Cadillac Mountain is one of three places in Maine that claim to see the “first light” of sunrise in the United States. To grab your spot in the “Cadillac Mountain Sunrise Club'', it’s a simple feat. Grab a chair and a blanket, and hop in the car a couple hours before sunrise. This will give you an hour or so to drive up the winding, mountain road to the summit, and an hour there to witness first light—the time at which the sun is not yet visible but its glow starts to light up the sky. You will want to make sure you’re there an hour before because watching the sun rise from start to finish over the ocean horizon is a sight you’ll never forget. Check out our Lobster Guide to Acadia National Park (Coming Soon!) for info on where to get a post sunrise Lobster Omelette.  

 CARRIAGE PATHS: 

These are a big attraction for walkers, runners, and cyclists. Our suggestion is to ride via bike so you get a chance to see more in the same amount of time. One would think these are the old, original roads on the island, but they were actually built by John D. Rockefeller between 1913-1940, to offer a travel option away from the vehicle traffic. Odds are, he didn’t realize how important that move would be with the amount of traffic the island sees today. Some of Acadia's famous stone bridges hold these carriage pathways. 

LOBSTER ON THE GO: 

If you happen to be camping, live lobster is a daunting task to deal with. Call Happy Clam Shack ahead of your arrival to Mount Desert Island and order some fresh main lobsters cooked and chilled. You will pass the shack on the way to Bar Harbor and you can pick them up. The shack with buoy’s hanging all over it is an attraction in and of itself.
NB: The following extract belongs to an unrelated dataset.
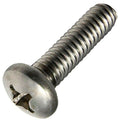 4-40 x 2' Pan Head Machine Screws Kit Hardware Stainless Steel 18-8 Pack of 1000 Fastener Set LS14923F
THE BASS HARBOR HEAD LIGHTHOUSE:

This may be the only reason you make it to the Quiet Side of the island. It’s a long drive and the very tight parking lot holds about 10 cars at a time. Since the street doesn’t allow parking, you may find yourself in a line of cars for 45 minutes waiting for a spot. Somehow, we got there just before this happened. Once there, the walk is very short and the view very memorable.